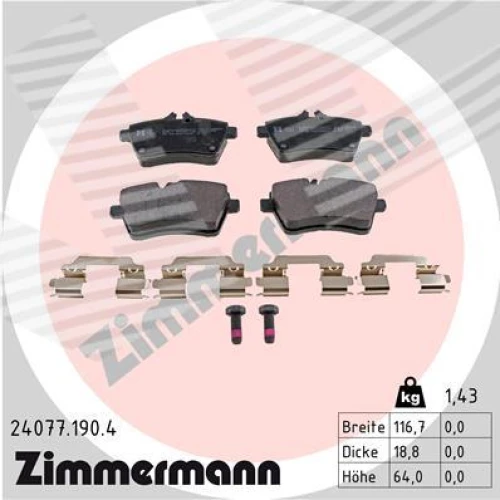 BRAKE PADS FOR DISC BRAKES - 0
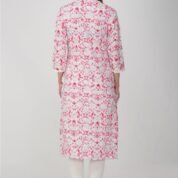 1.4 Pink - Kurti With Round Neck P1D1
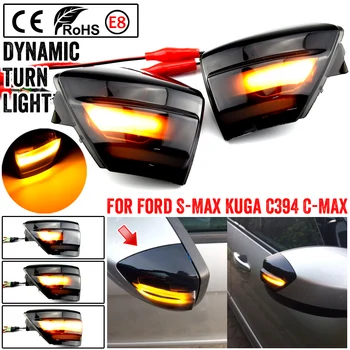 LED Dynamisk Side Spejl Sekventiel Indikator Blinker Lys For Ford S-Max 2007-C-Max 2011-2019 Kuga C394 2008-2012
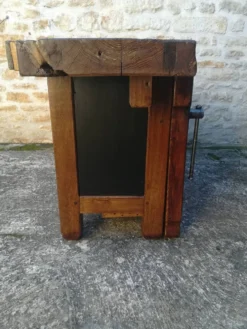 Etabli en chêne restauré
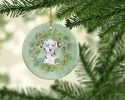 Dalmatian Puppy Sitting Pretty Christmas Wreath Ceramic Ornament Christmas Tree Hanging Decorations for Home Christmas Holiday, Party, Gift, 3 in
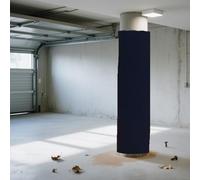 Parking Garage Pole Padding Wrap Around, DIA 4 5 10 15 20 Cm All Weather Foam Basketball Safety Pad For Sports Courts/Public Parks/Lamp Posts, 1.5m Tall(Black,Dia 3in(7.5cm))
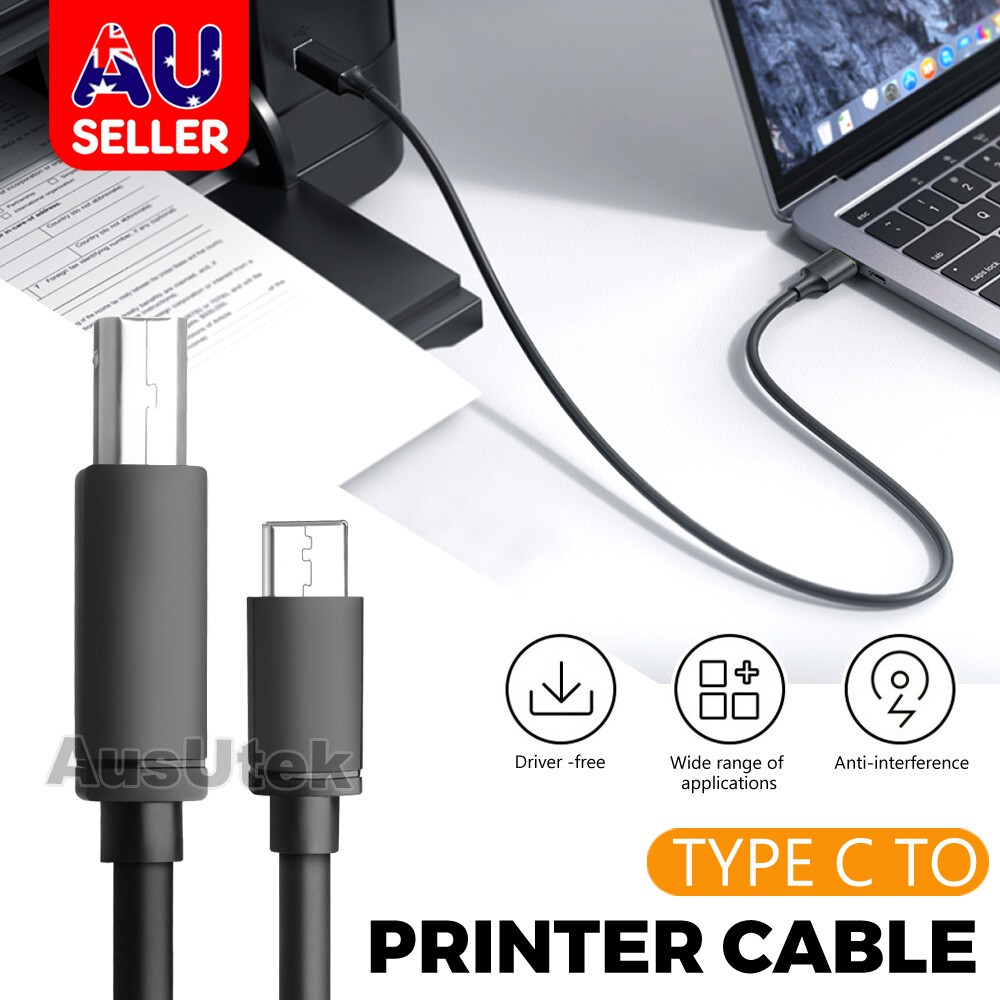USB to USB2.0 Male Printer Cable Type Midi Cord for Scanner Phone MacBook PC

########################################

### Requirement
Reproduce the data above exactly, but only the lines from the one showing "LED Dynamisk Side" through the one showing "Dalmatian Puppy Sitting", with both ends kept and the pictures left out.

### Exercise result
 LED Dynamisk Side Spejl Sekventiel Indikator Blinker Lys For Ford S-Max 2007-C-Max 2011-2019 Kuga C394 2008-2012
 Etabli en chêne restauré
 Dalmatian Puppy Sitting Pretty Christmas Wreath Ceramic Ornament Christmas Tree Hanging Decorations for Home Christmas Holiday, Party, Gift, 3 in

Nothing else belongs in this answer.